======== Supplied material

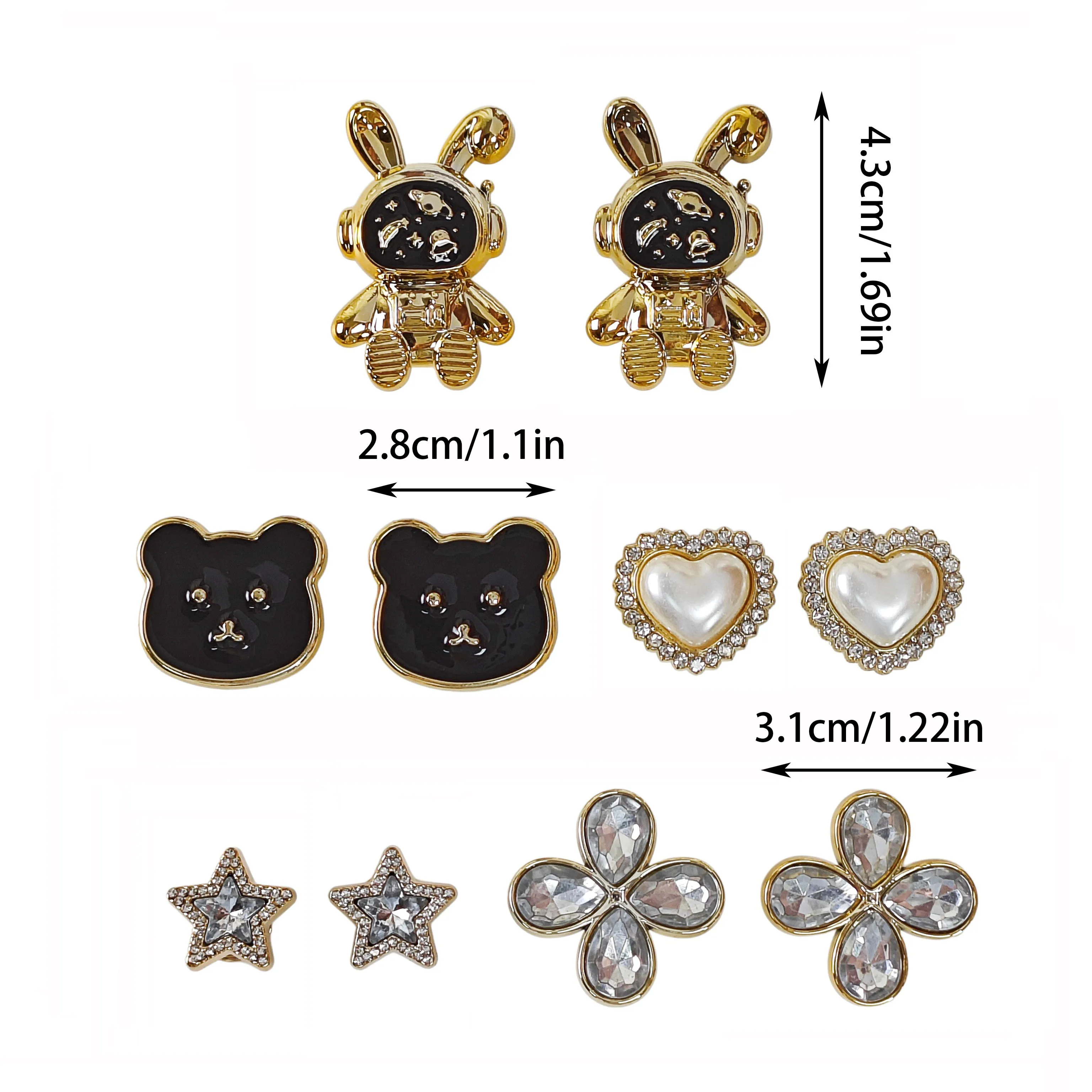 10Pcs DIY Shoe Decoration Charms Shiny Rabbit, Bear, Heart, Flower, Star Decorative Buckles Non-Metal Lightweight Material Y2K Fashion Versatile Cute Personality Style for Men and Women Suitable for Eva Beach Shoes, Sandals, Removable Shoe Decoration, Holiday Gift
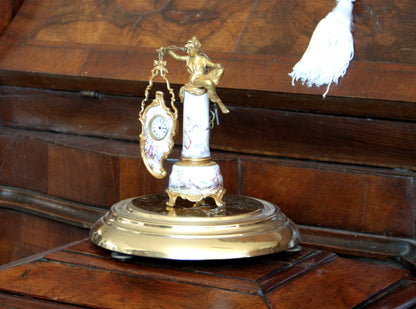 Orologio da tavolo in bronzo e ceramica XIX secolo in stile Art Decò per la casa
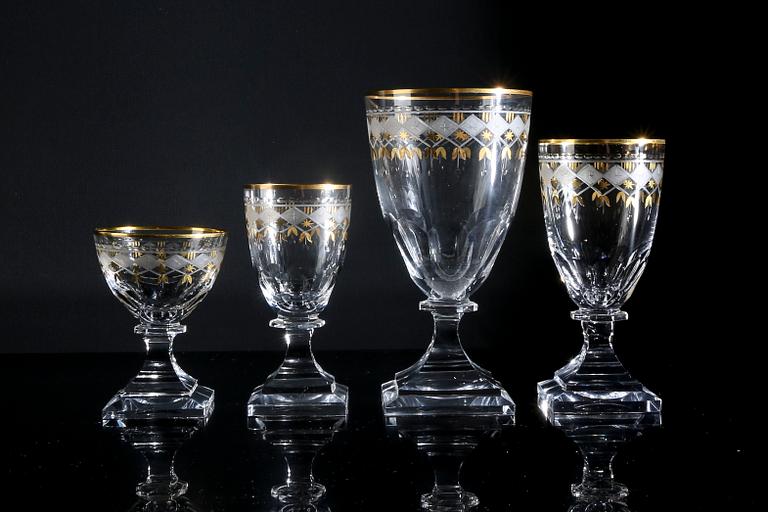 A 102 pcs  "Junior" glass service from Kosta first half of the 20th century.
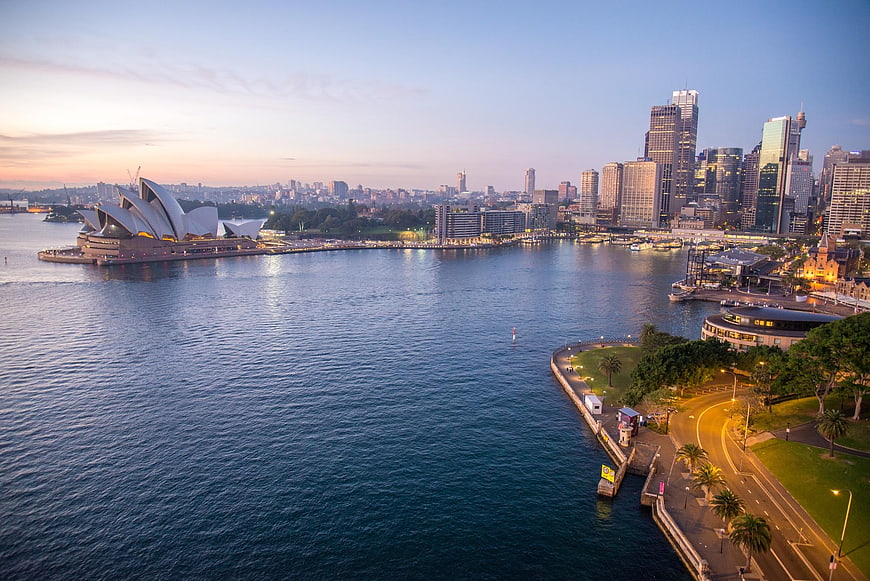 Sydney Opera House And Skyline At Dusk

================

- **Try it**: The whole listing, pictures excluded, should be output exactly.

- **Expected output**:
 10Pcs DIY Shoe Decoration Charms Shiny Rabbit, Bear, Heart, Flower, Star Decorative Buckles Non-Metal Lightweight Material Y2K Fashion Versatile Cute Personality Style for Men and Women Suitable for Eva Beach Shoes, Sandals, Removable Shoe Decoration, Holiday Gift
 Orologio da tavolo in bronzo e ceramica XIX secolo in stile Art Decò per la casa
 A 102 pcs  "Junior" glass service from Kosta first half of the 20th century.
 Sydney Opera House And Skyline At Dusk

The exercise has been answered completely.